Séraphine Pick:
White Noise
Print
My Roles
Graphic Designer
Production manager
Over the past two decades, nationally-significant, Wellington-based painter, Séraphine Pick, has become well-known for her lyrical painting, in which she explores diverse ideas that dip in and out of everyday life, including dreams, memory and psychology. The exhibition White Noise, a major exhibition of new and recent work by Pick, is described by art critic Mark Amery as ‘a bold, painterly coagulation of feminine ecstasy and anxiety fed through the popular consciousness of the internet and art history.’
The curator and I had regular meetings with Séraphine throughout the process of her creating this series, and while we developed the accompanying survey exhibition and publication. This was my third major book project, and a more generous budget allowed for more production flourishes.
Séraphine's paintings literally start with a blank canvas, and so that was also my starting point. The cover is screen-printed on linen that looks somewhere in-between the finish of a bleached, white canvas and a raw, unbleached one—and in her work she alternates between the two. The 'hero' image for the show was on the latter; a three meter tall canvas featuring bright colours, most prominently bright pink and lime green, from which the cover colours are drawn.
Her new series took inspiration from youth culture seen through the lens of social media, and an exploration of publicly shared images that in past generations might have been kept private. So as a motif in the book I included full-spread section dividers which were pixelated close-ups of her paintings, making them look like the images hadn't loaded properly or had been deliberately censored.

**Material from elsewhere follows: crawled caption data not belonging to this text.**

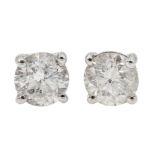 18ct white gold diamond stud earrings, diamond total weight 2.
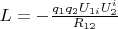 $L=-\frac{q_1 q_2 U_{1i} U^i_2}{R_{12}}$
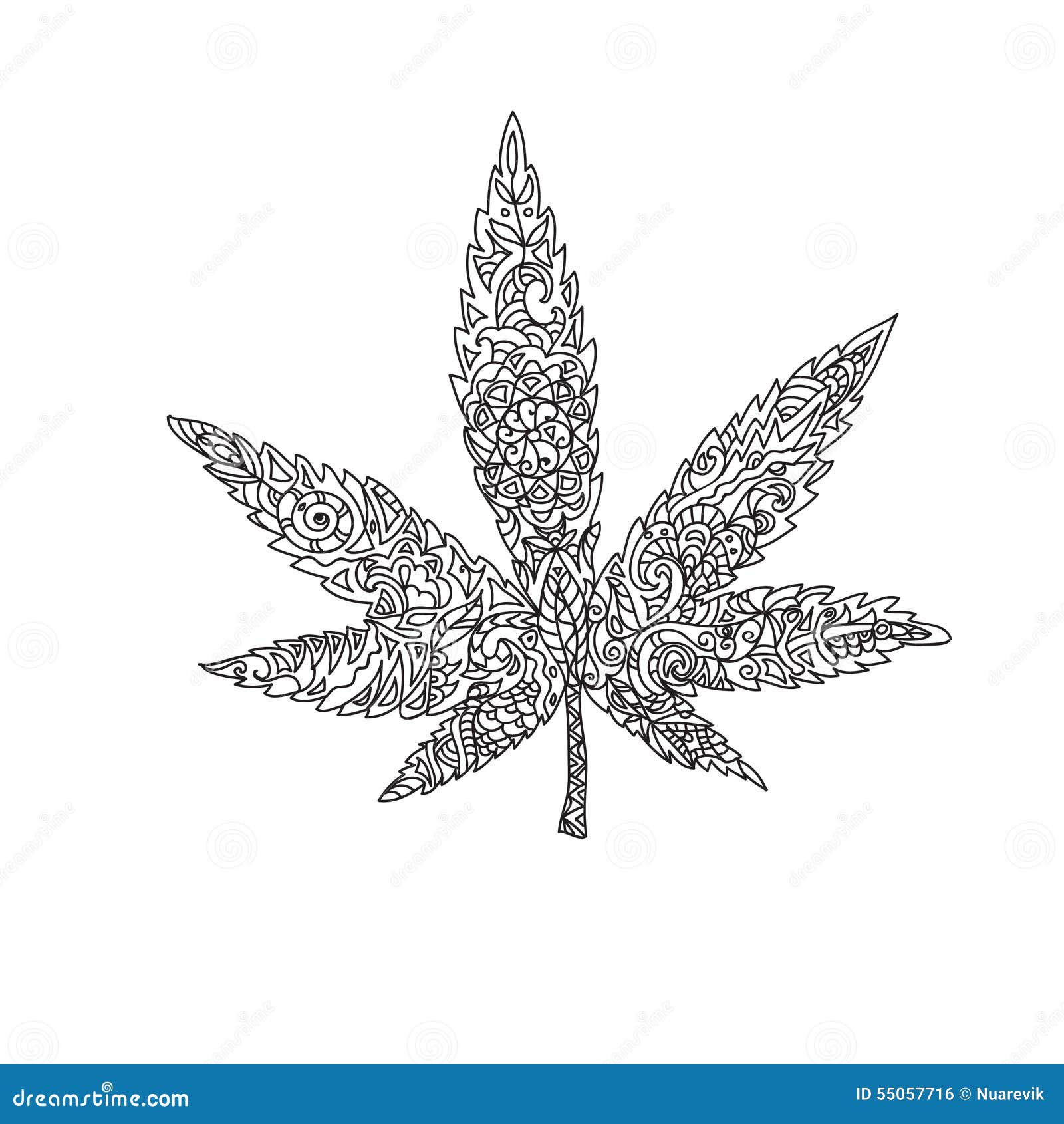 Hanfblatt zentangle stock abbildung. Illustration von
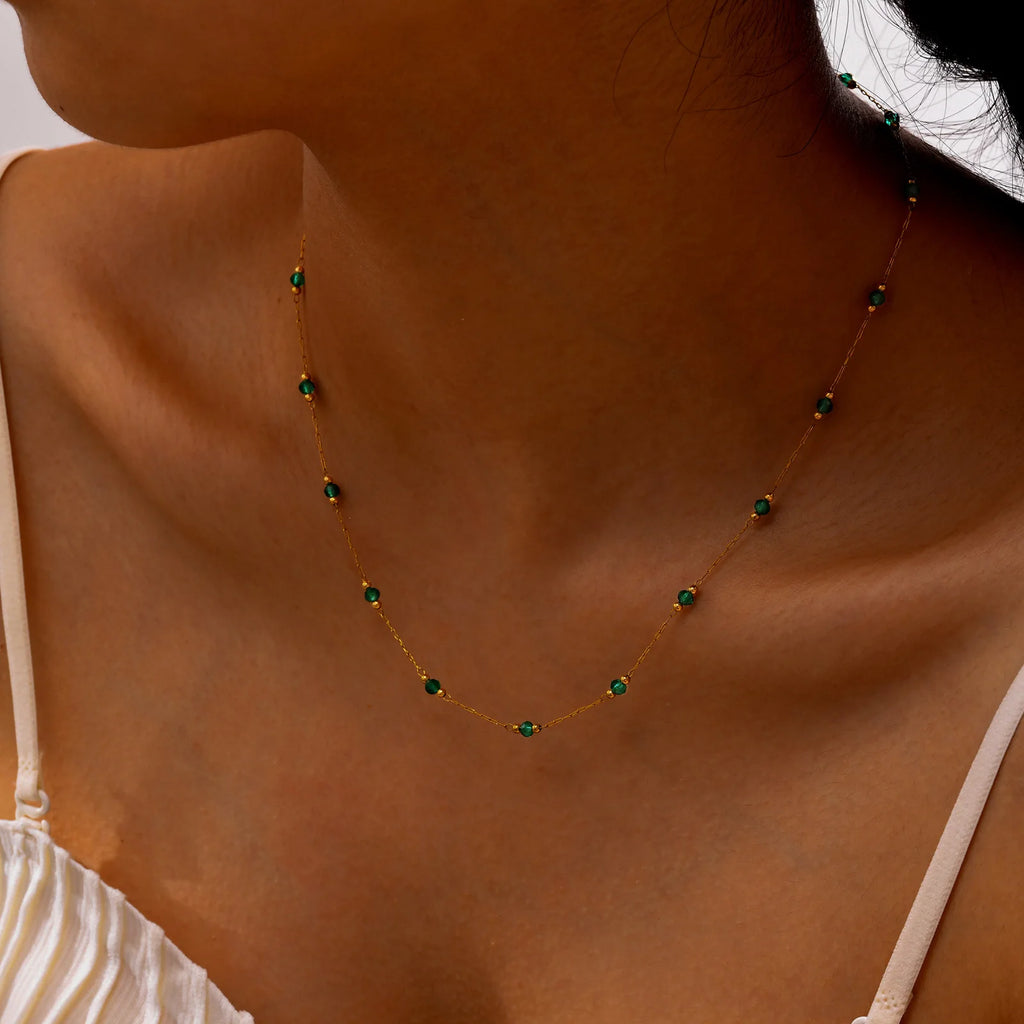 Vnox Green Stones Flower Charms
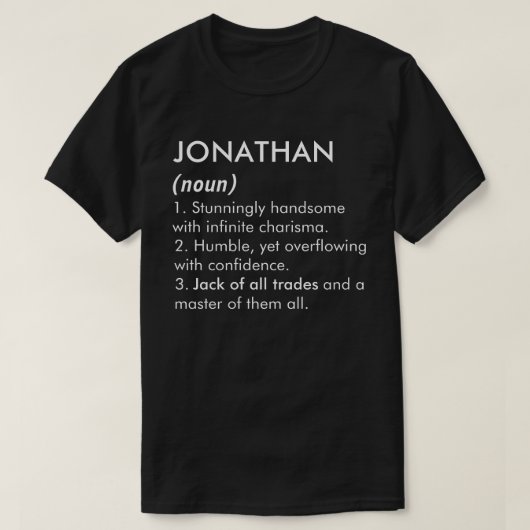 T-shirt Nom Jonathan, Nom modifiable, Nom personnalisé (Design devant)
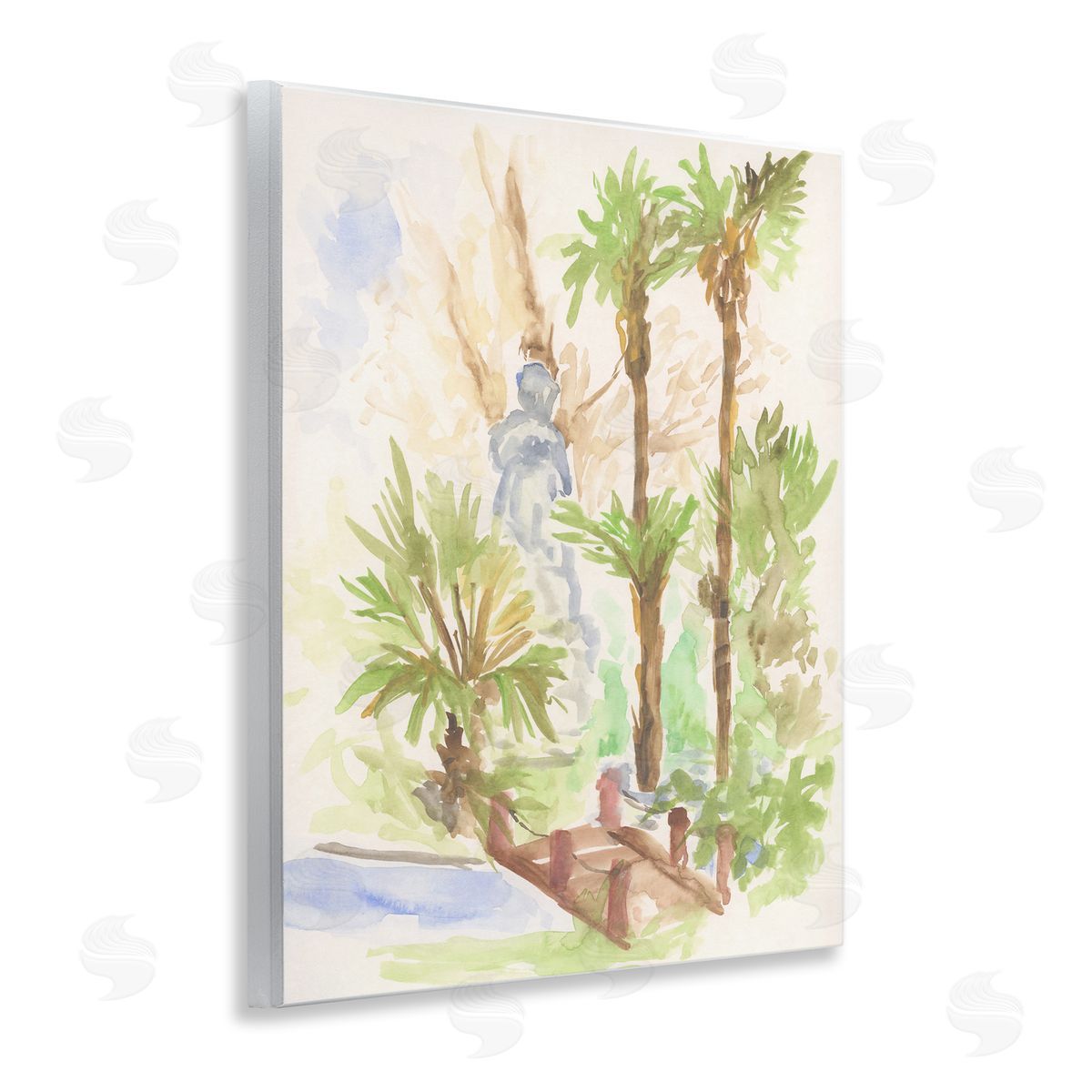 Bridge over River Abstract Wood Plaque Wall Art, Home Decor by June Erica Vess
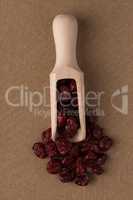 Wooden scoop with dried cranberries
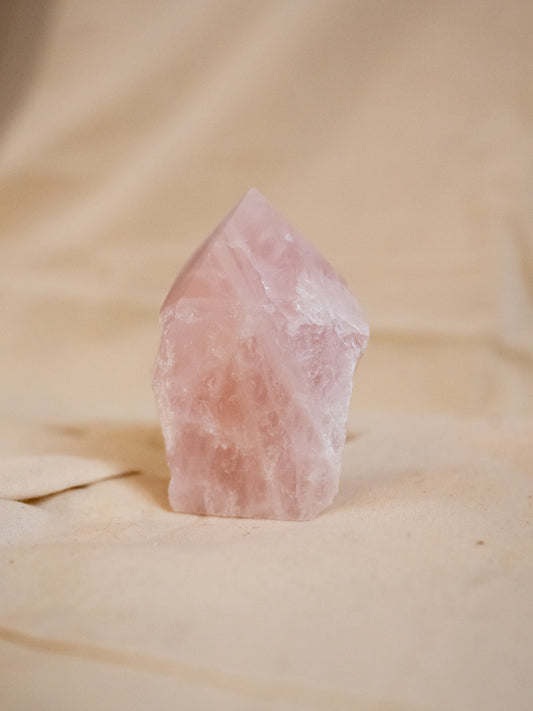 Raw Rose Quartz With Polished Top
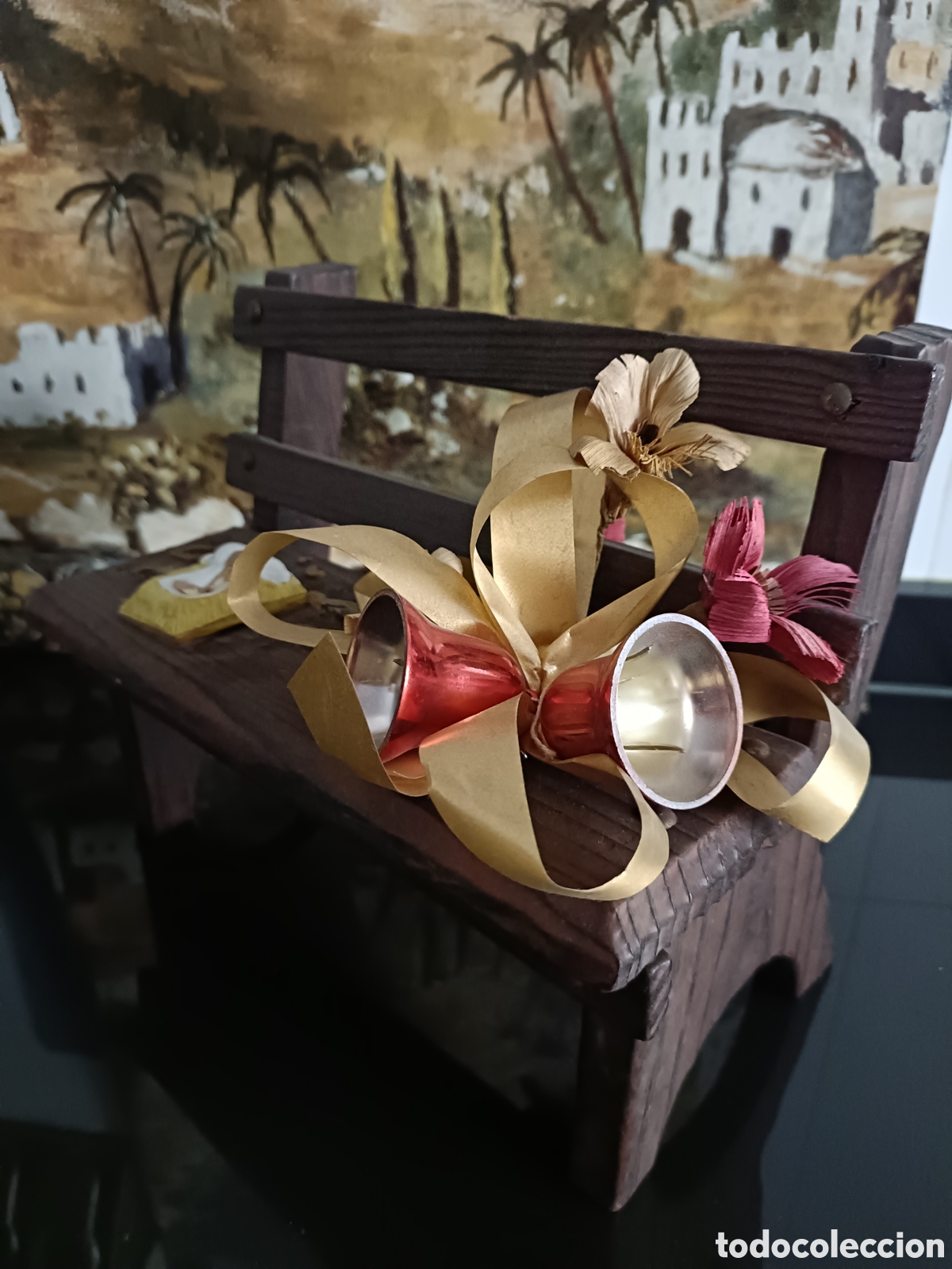 Figuras de Bel&eacute;n: Vintage Banco de madera Navidad - Foto 2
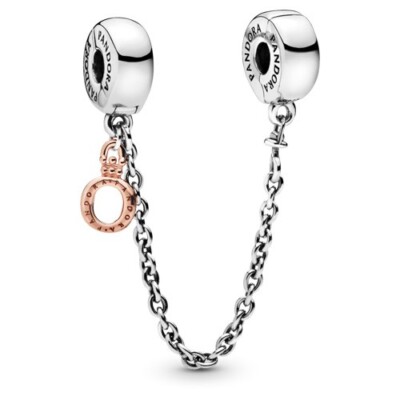 Authentic Pandora Charm, ROSE, Dangling O Crown Safety Chain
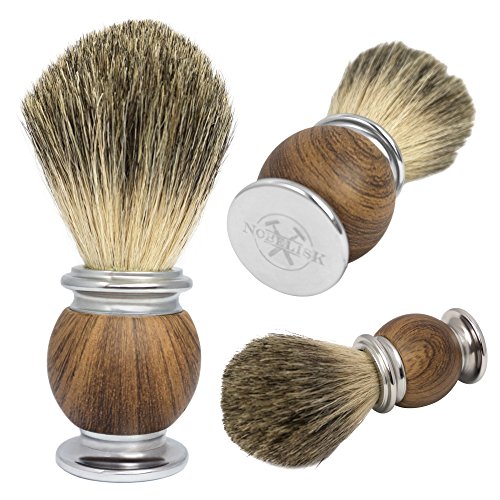 Nobelisk Premium Rasierpinsel aus Dachshaar mit hochwertigem Griff Zink-Eisenlegierung | Rasierpinsel aus Echthaar (Braun)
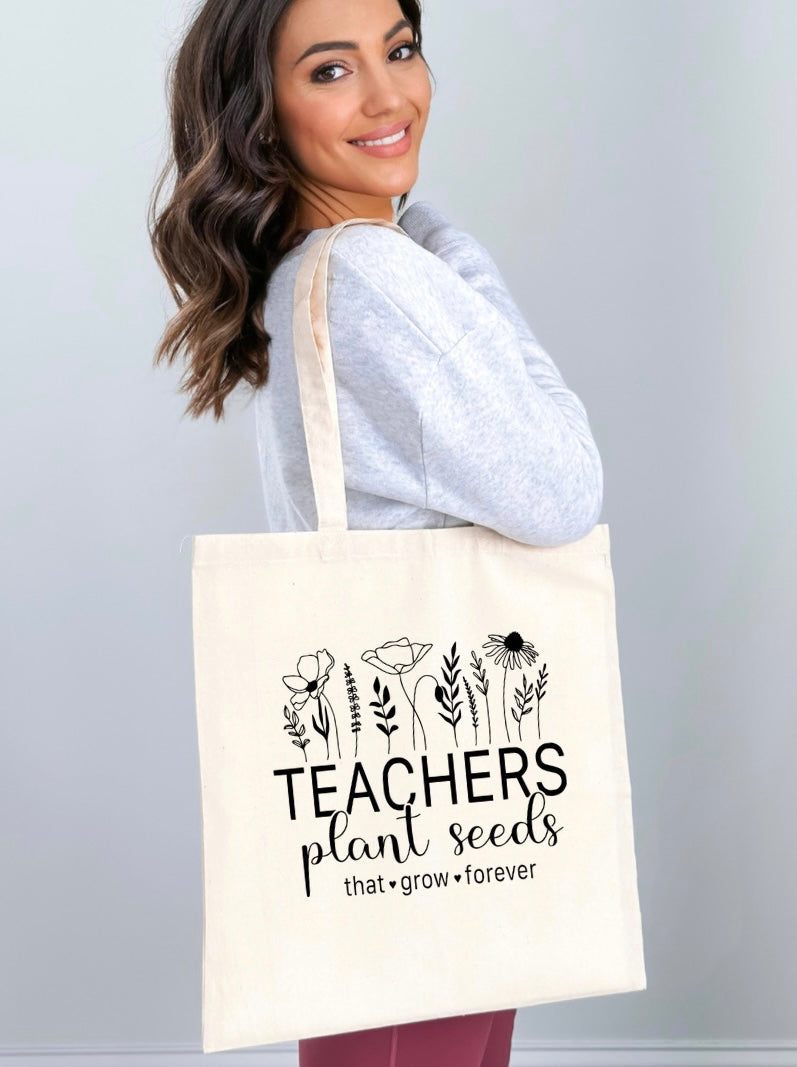 Teachers plant seeds tote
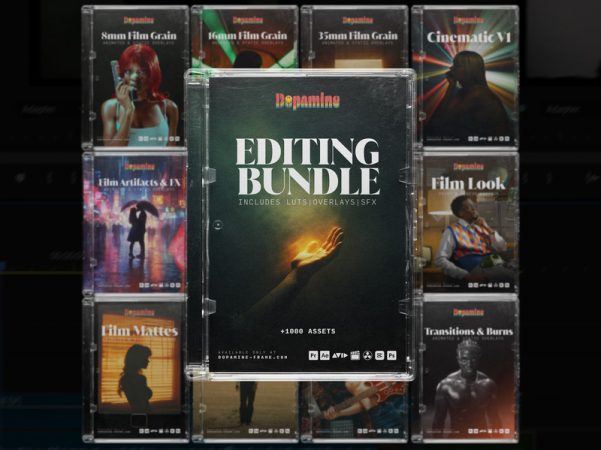 视频编辑素材包950个电影感LUT转场音效颗粒特效合集PR/FCPX/达芬奇剪辑师工具Dopamine Frame - The Video Editing Bundle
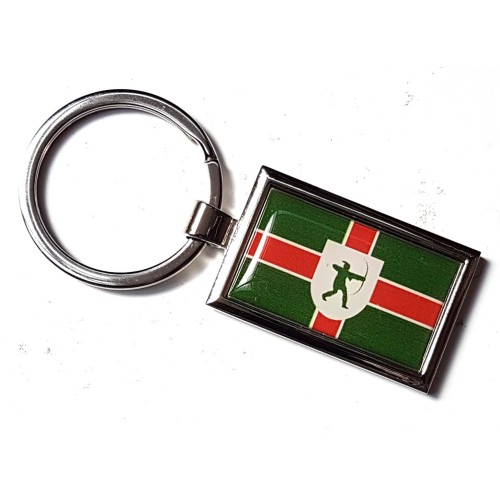 Nottinghamshire Flag County Badge Nickel Plated Keyring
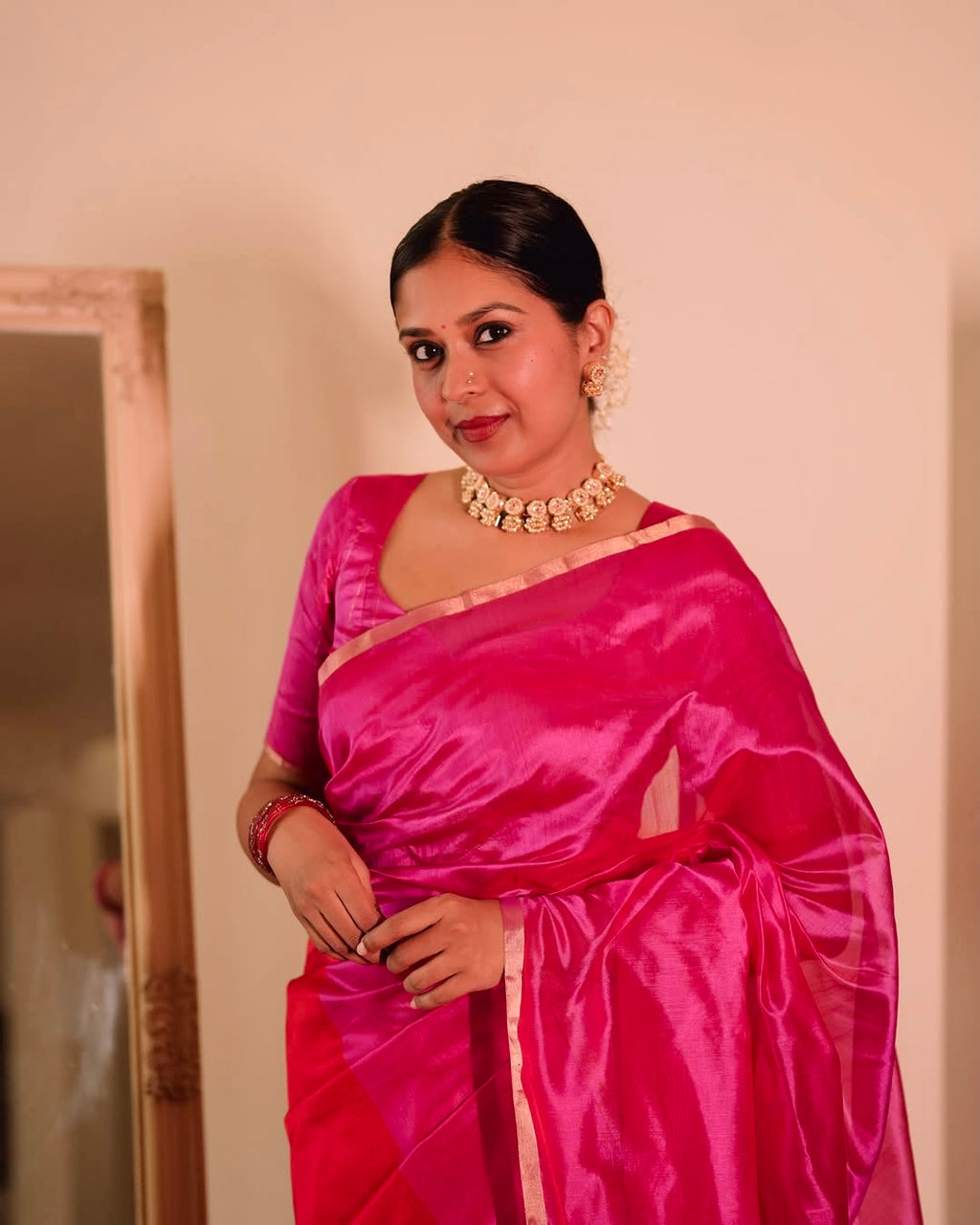 Chili Red and pink Chanderi silk saree with tassels on pallu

This created vibrant splashes of colour that directly matched the colours in her paintings, but were also more interesting than doing the same thing with a single flat colour.
The paper stock is tailored to the content, so that text is printed on an uncoated stock, while the reproductions of paintings and studio photographs are on a satin-coated one, making the colours as vibrant and accurate as possible.
This handsome hardback is striking for its elegant, clear design and photographic record of the work. The design takes its cues from modernist block patchworks and the computer pixel-inspired by Pick’s selection of imagery from the internet and her interest in the early modern era. White Noise explores how paint blotches, blooms, bleaching and dripping might act as psychic burn marks, a subconscious sea to our self-conscious selfie photographic culture. The hessian-like cover is redolent of the early 70s and the free love era to which Pick’s recent paintings also connect us.